--- SOURCE DATA ---
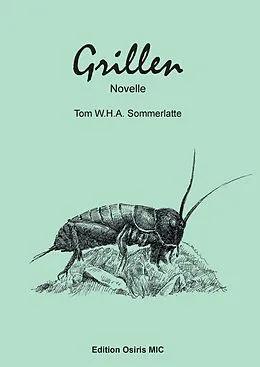 E-Book (epub) Grillen von Tom W. H. A. Sommerlatte
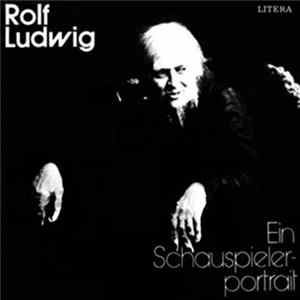 Rolf Ludwig - Ein Schauspielerportrait FLAC album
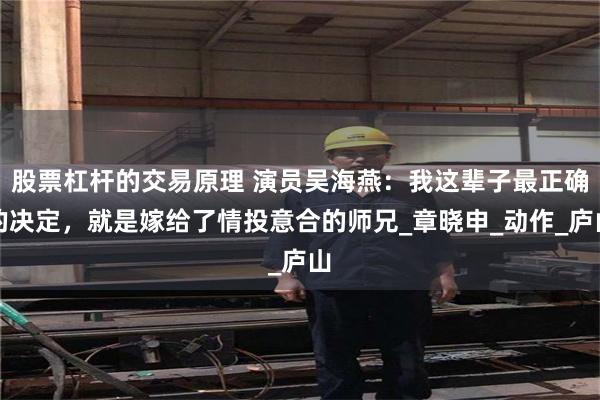 股票杠杆的交易原理 演员吴海燕：我这辈子最正确的决定，就是嫁给了情投意合的师兄_章晓申_动作_庐山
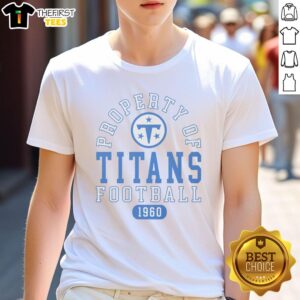 Premium Tennessee Titans Football Property 1960 T-Shirt featuring vintage design, perfect for Titans fans and collectors.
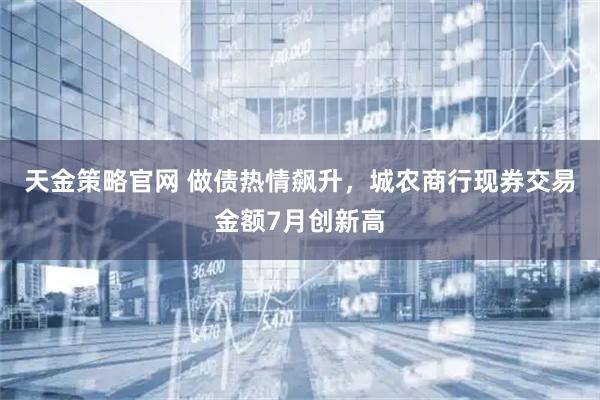 天金策略官网 做债热情飙升，城农商行现券交易金额7月创新高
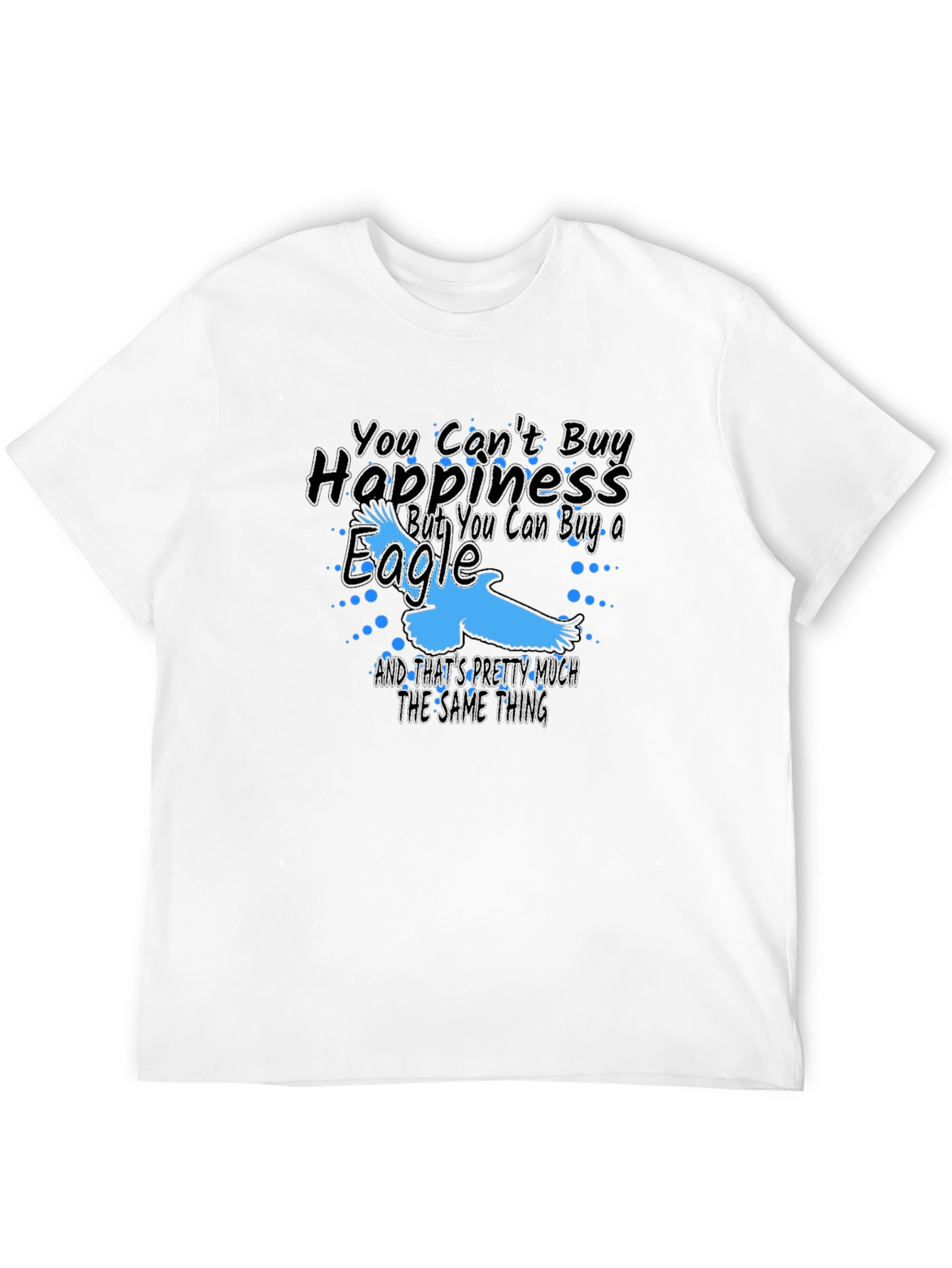 Eagle Happiness T-Shirt - Buy an Eagle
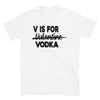 V is for vodka Unisex T-Shirt - real men t-shirts, Men funny T-shirts, Men sport & fitness Tshirts, Men hoodies & sweats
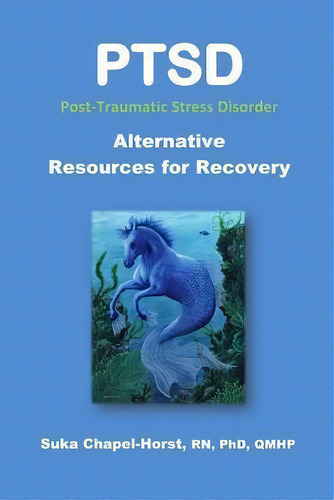 Ptsd Post-traumatic Stress Disorder, De Ph Suka Chapel-horst Rn. Editorial Createspace Independent Publishing Platform, Tapa Blanda En Inglés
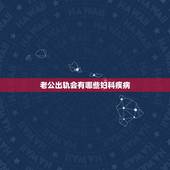 老公出轨会有哪些妇科疾病，老公出轨会不会把妇科病带回家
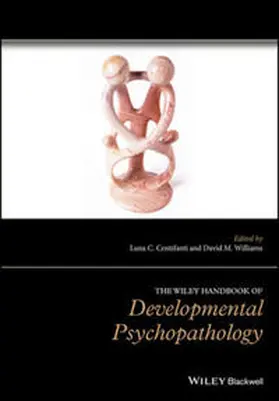 Centifanti / Williams |  The Wiley Handbook of Developmental Psychopathology | eBook | Sack Fachmedien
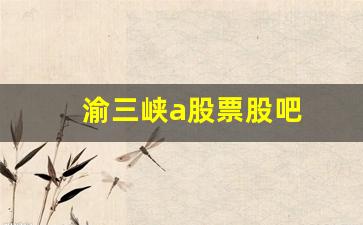 渝三峡a股票股吧(渝三峡a股票股吧东方财富网)_https://www.hhem8.com_科创板_第1张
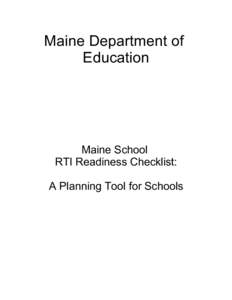Maine Department of Education Maine School RTI Readiness Checklist: A Planning Tool for Schools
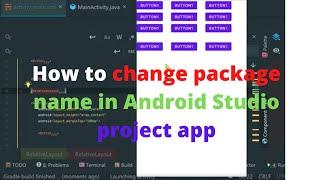 How to change package name in android studio project app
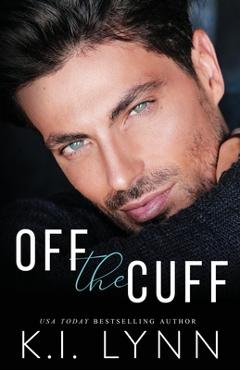 Poza produsului Off the Cuff - K. I. Lynn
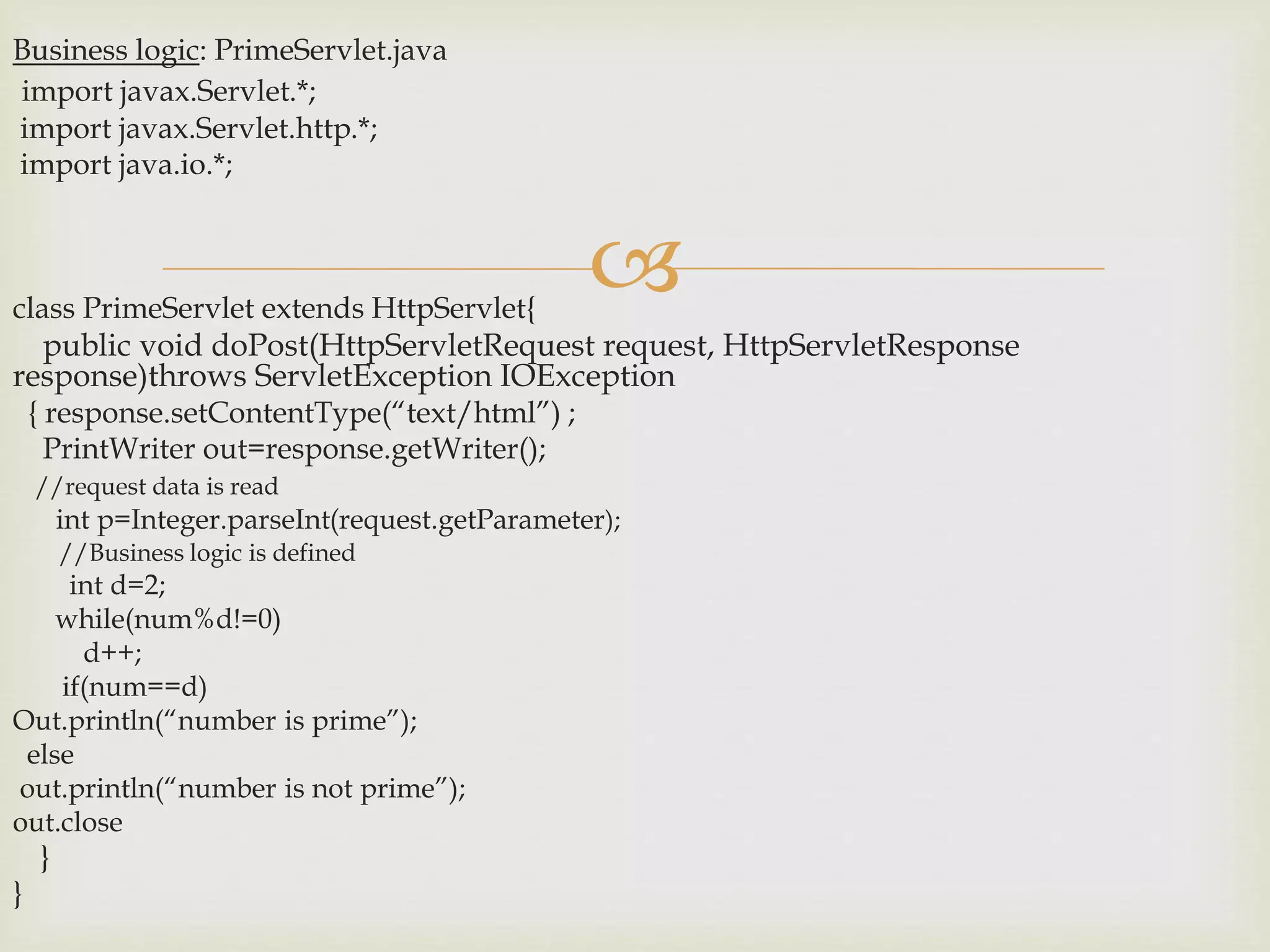 
Business logic: PrimeServlet.java
import javax.Servlet.*;
import javax.Servlet.http.*;
import java.io.*;
class PrimeServlet extends HttpServlet{
public void doPost(HttpServletRequest request, HttpServletResponse
response)throws ServletException IOException
{ response.setContentType(“text/html”) ;
PrintWriter out=response.getWriter();
//request data is read
int p=Integer.parseInt(request.getParameter);
//Business logic is defined
int d=2;
while(num%d!=0)
d++;
if(num==d)
Out.println(“number is prime”);
else
out.println(“number is not prime”);
out.close
}
}
 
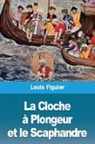 Louis Figuier - La Cloche à Plongeur et le Scaphandre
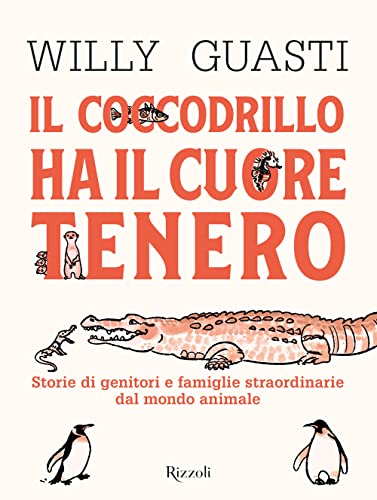 Il coccodrillo ha il cuore tenero. Storie di genitori e famiglie straordinarie dal mondo animale. Ediz. a colori von Rizzoli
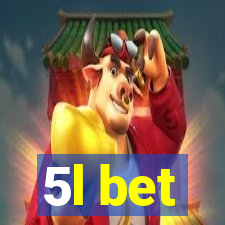 5l bet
---
EXERCISE
Return all the lines above exactly; none of the pictures should appear.

EXERCISE RESPONSE
 E-Book (epub) Grillen von Tom W. H. A. Sommerlatte
 Rolf Ludwig - Ein Schauspielerportrait FLAC album
 股票杠杆的交易原理 演员吴海燕：我这辈子最正确的决定，就是嫁给了情投意合的师兄_章晓申_动作_庐山
 Premium Tennessee Titans Football Property 1960 T-Shirt featuring vintage design, perfect for Titans fans and collectors.
 天金策略官网 做债热情飙升，城农商行现券交易金额7月创新高
 Eagle Happiness T-Shirt - Buy an Eagle
 V is for vodka Unisex T-Shirt - real men t-shirts, Men funny T-shirts, Men sport & fitness Tshirts, Men hoodies & sweats
 Ptsd Post-traumatic Stress Disorder, De Ph Suka Chapel-horst Rn. Editorial Createspace Independent Publishing Platform, Tapa Blanda En Inglés
 老公出轨会有哪些妇科疾病，老公出轨会不会把妇科病带回家
 Centifanti / Williams |  The Wiley Handbook of Developmental Psychopathology | eBook | Sack Fachmedien
 渝三峡a股票股吧(渝三峡a股票股吧东方财富网)_https://www.hhem8.com_科创板_第1张
Maine Department of Education Maine School RTI Readiness Checklist: A Planning Tool for Schools
 How to change package name in android studio project app
 Poza produsului Off the Cuff - K. I. Lynn
 
Business logic: PrimeServlet.java
import javax.Servlet.*;
import javax.Servlet.http.*;
import java.io.*;
class PrimeServlet extends HttpServlet{
public void doPost(HttpServletRequest request, HttpServletResponse
response)throws ServletException IOException
{ response.setContentType(“text/html”) ;
PrintWriter out=response.getWriter();
//request data is read
int p=Integer.parseInt(request.getParameter);
//Business logic is defined
int d=2;
while(num%d!=0)
d++;
if(num==d)
Out.println(“number is prime”);
else
out.println(“number is not prime”);
out.close
}
}
 
 Louis Figuier - La Cloche à Plongeur et le Scaphandre
 Il coccodrillo ha il cuore tenero. Storie di genitori e famiglie straordinarie dal mondo animale. Ediz. a colori von Rizzoli
 5l bet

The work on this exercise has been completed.